■ Exercise directions: Give again, exactly as written, the lines of the records below from the line with "jewelry, crown, hair, staff, 3d" to the line with "RC-ART URAS�A���_�[�t���b�vTYPE-B���A���_�[�J�i�[�hVer �uHE�vSET". Both end lines count; pictures do not.

■ Supplied entries:
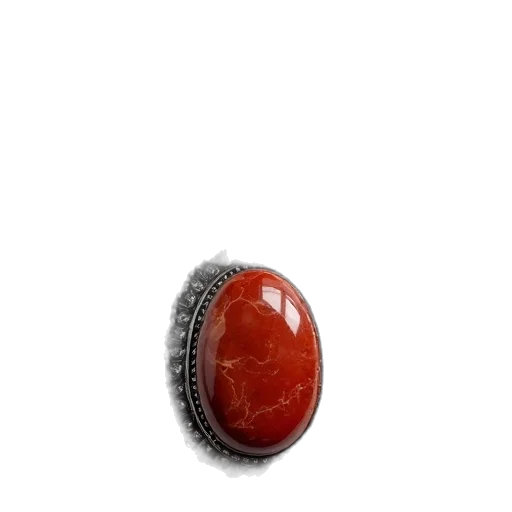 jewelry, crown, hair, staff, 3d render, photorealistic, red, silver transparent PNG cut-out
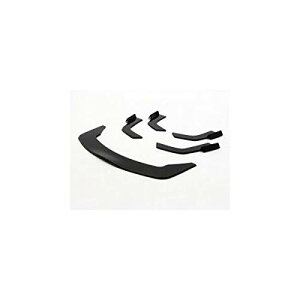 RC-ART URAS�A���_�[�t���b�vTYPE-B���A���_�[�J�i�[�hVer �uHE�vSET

---

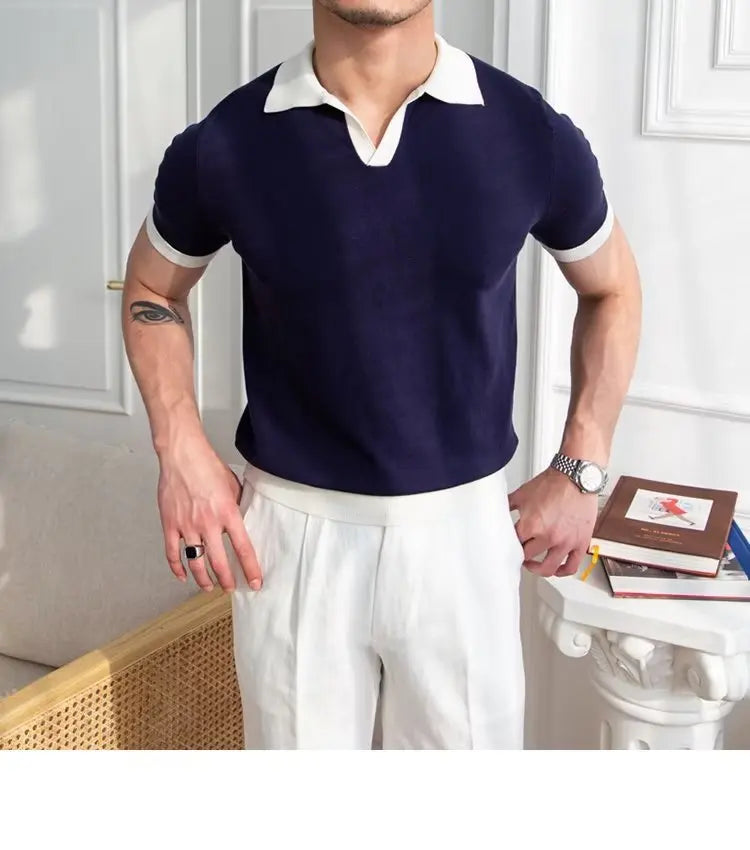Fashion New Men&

--

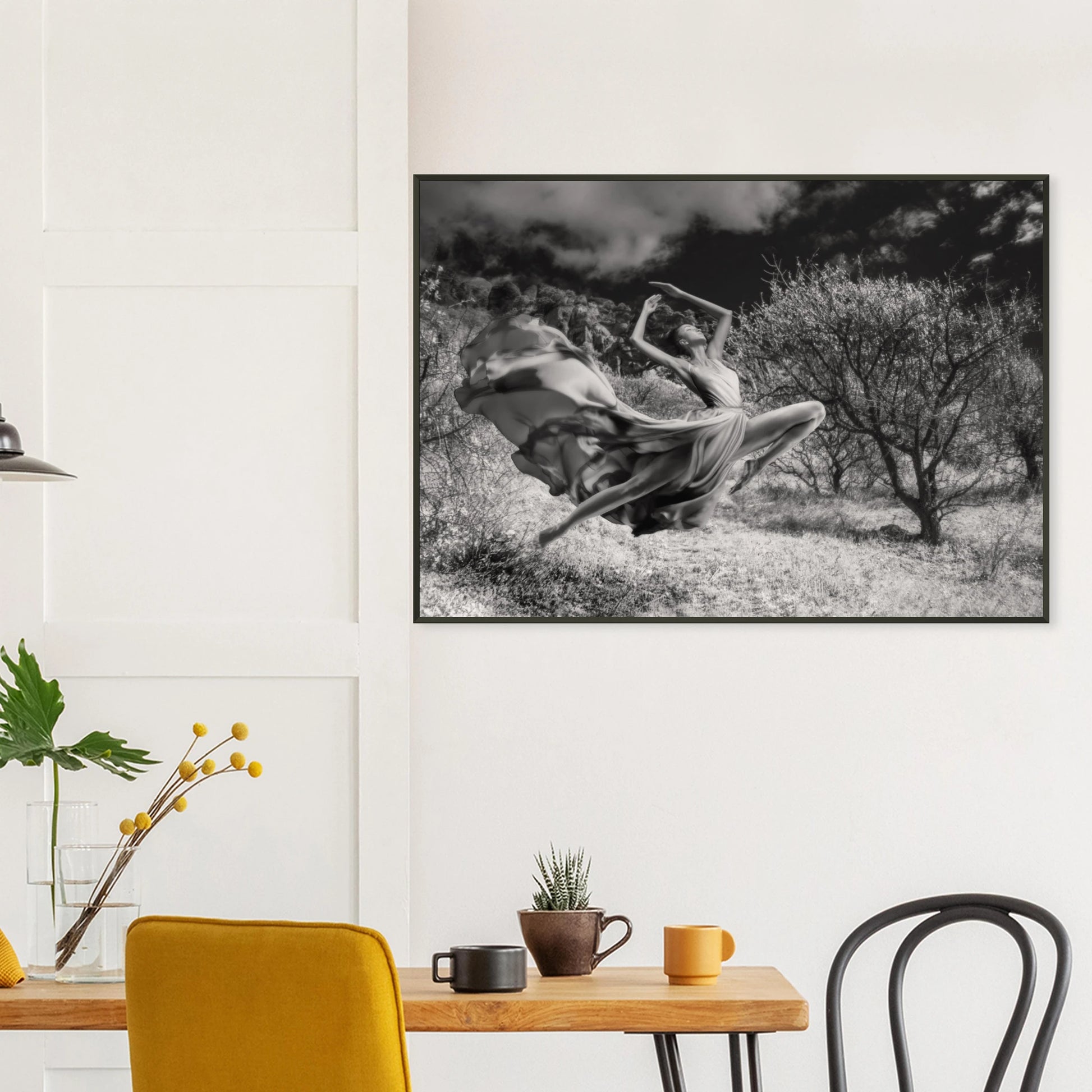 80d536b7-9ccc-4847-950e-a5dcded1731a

■ Written answer:
 jewelry, crown, hair, staff, 3d render, photorealistic, red, silver transparent PNG cut-out
 RC-ART URAS�A���_�[�t���b�vTYPE-B���A���_�[�J�i�[�hVer �uHE�vSET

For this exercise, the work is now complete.